The impeachment trial may be over, but what has Reddit had to say about it?

If you’re an American who’s been paying attention to political news lately, you probably heard about Trump being acquitted at his second impeachment trial following the former president’s incitement of insurrection. This, as many of us know, led to the capitol riots, and Democrats in Congress attempted to convict Trump for his actions. The Senate voted 57 for guilty and 43 for not guilty. All Democrat and both Independent senators voted guilty along with 7 Republican senators voted guilty. A conviction would require a 2/3 majority of the Senate (67 votes). This is the second time Trump has been acquitted in an impeachment trial. More information about Trump’s impeachment trial can be read here.

Source: https://www.flickr.com/photos/37527185@N05/50812356151/

Source: https://www.latimes.com/politics/story/2021-01-14/trump-impeachment-trial-could-begin-on-inauguration-day

To no surprise, some people have been talking about how this is Trump’s second impeachment trial, how he’s the first president in US history to be impeached twice (and acquitted twice), how he should or should not be convicted, and so on. Such an event can cause Americans much distress. Some people might not even care at all and choose to ignore what’s happened. But for those who have paid attention to this trial, people have discussed online what they think and/or speculate about what this means for the country, for Trump, and the future of America.

In this article, I will discuss how I investigated posts related to Trump’s impeachment on Reddit. The impeachment trial may be over, but what has Reddit had to say about it? Reddit is a social media platform where users can post and comment online according to different subreddits (communities based on topics, i.e. r/politics or r/news). Users typically go by a pseudonym and are generally free to discuss whatever they want on subreddits.

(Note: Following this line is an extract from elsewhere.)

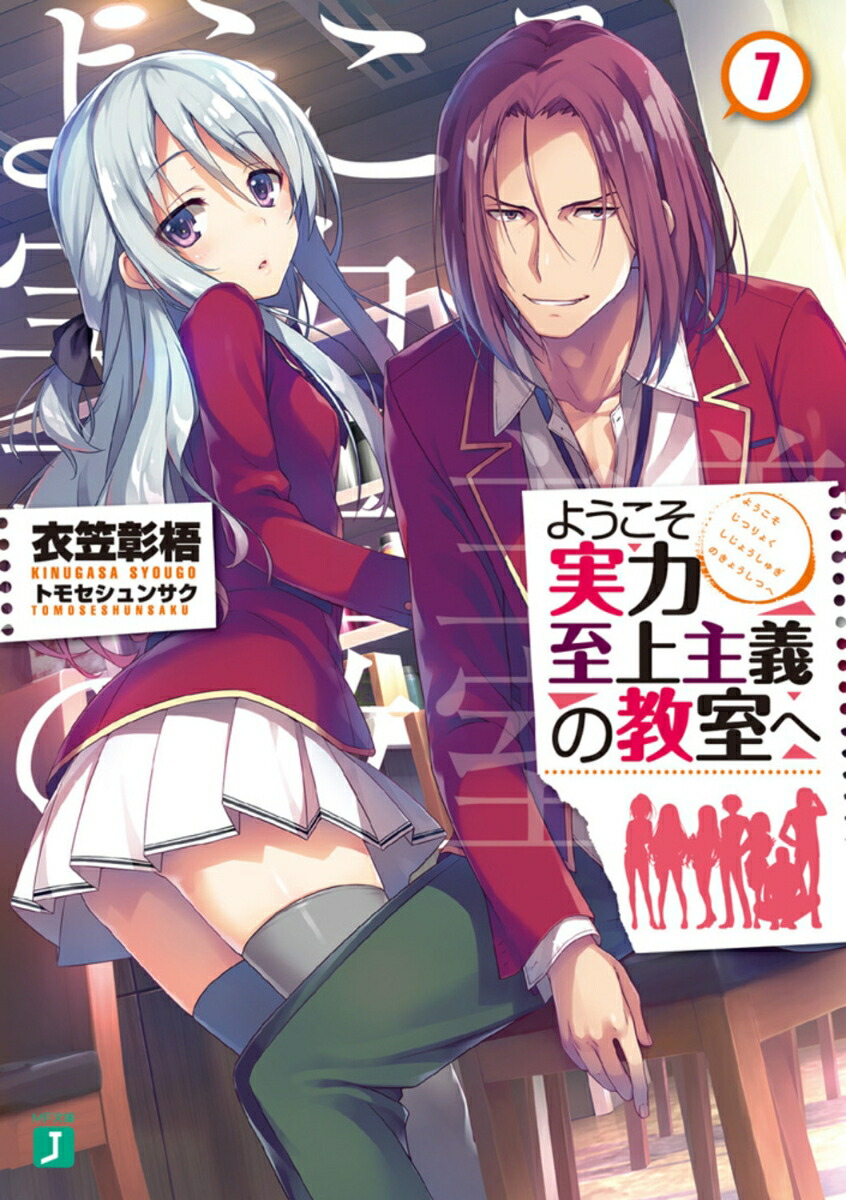 ようこそ実力至上主義の教室へ7 （MF文庫J） [ 衣笠彰梧 ]画像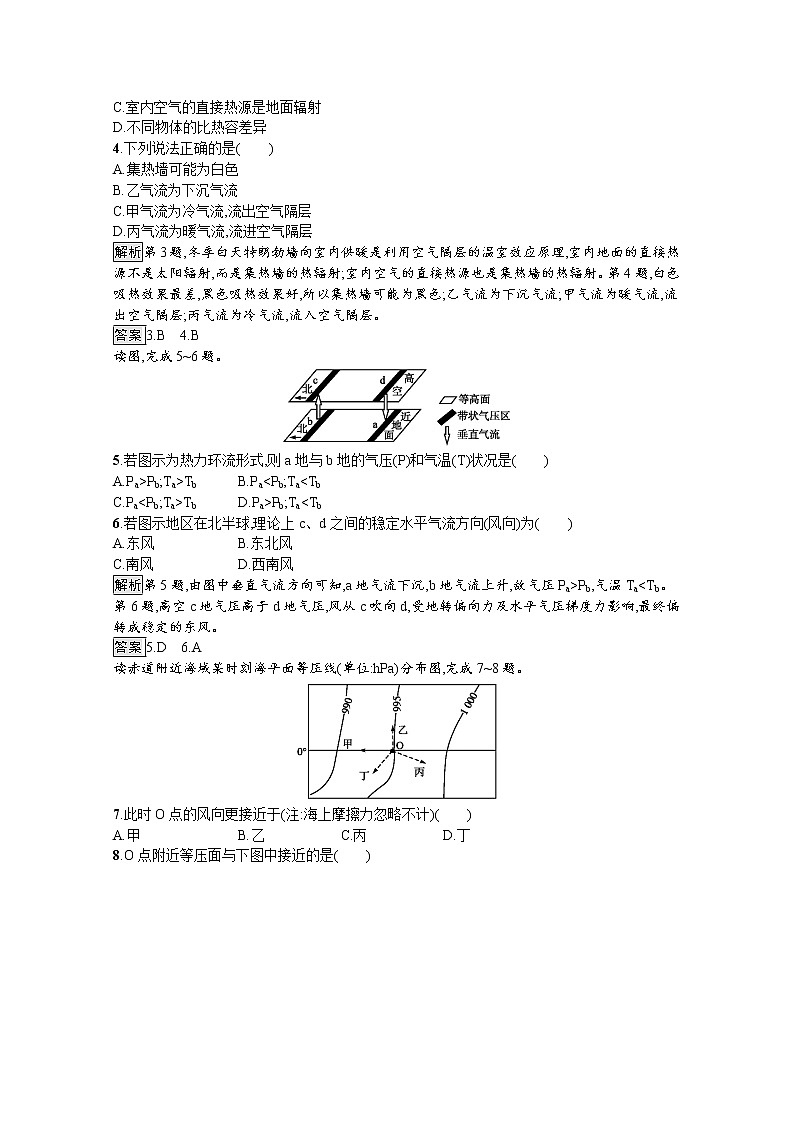 2020-2021学年新教材地理人教版必修第一册课后巩固提升练习:第二章 第二节 大气受热过程和大气运动02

In my network analysis, I looked into the kinds of posts that have been submitted with the keyword “impeach” on all of Reddit to see what communities people have posted on and if there were any particular users or posts in general. By doing this, we can potentially gain some insight into what kinds of things people have had to say about the impeachment trial and where the general public stands on this issue. Has there even been significant discussion revolving around this event? Do people care about it at all?

The Process

The following is an explanation of how I eventually get to the results (discussed below). I used Python in a Jupyter Notebook and Gephi (more on that at step 4) for this analysis.

1. Get Reddit API Access: To obtain access to the Reddit API, an account and approval of the API are required. More information on using the Reddit API is here. Once one has the API key, they can access data on what users post and comment in any community. All discussion on Reddit is public and is therefore accessible with the API.

1a. Import Libraries for Usage: Before starting to extract data, I imported the following libraries I thought about using here: praw (helpful for the Reddit API), pandas, json, matplotlib, and datetime. Despite importing these 5 libraries, the most important ones were praw and pandas.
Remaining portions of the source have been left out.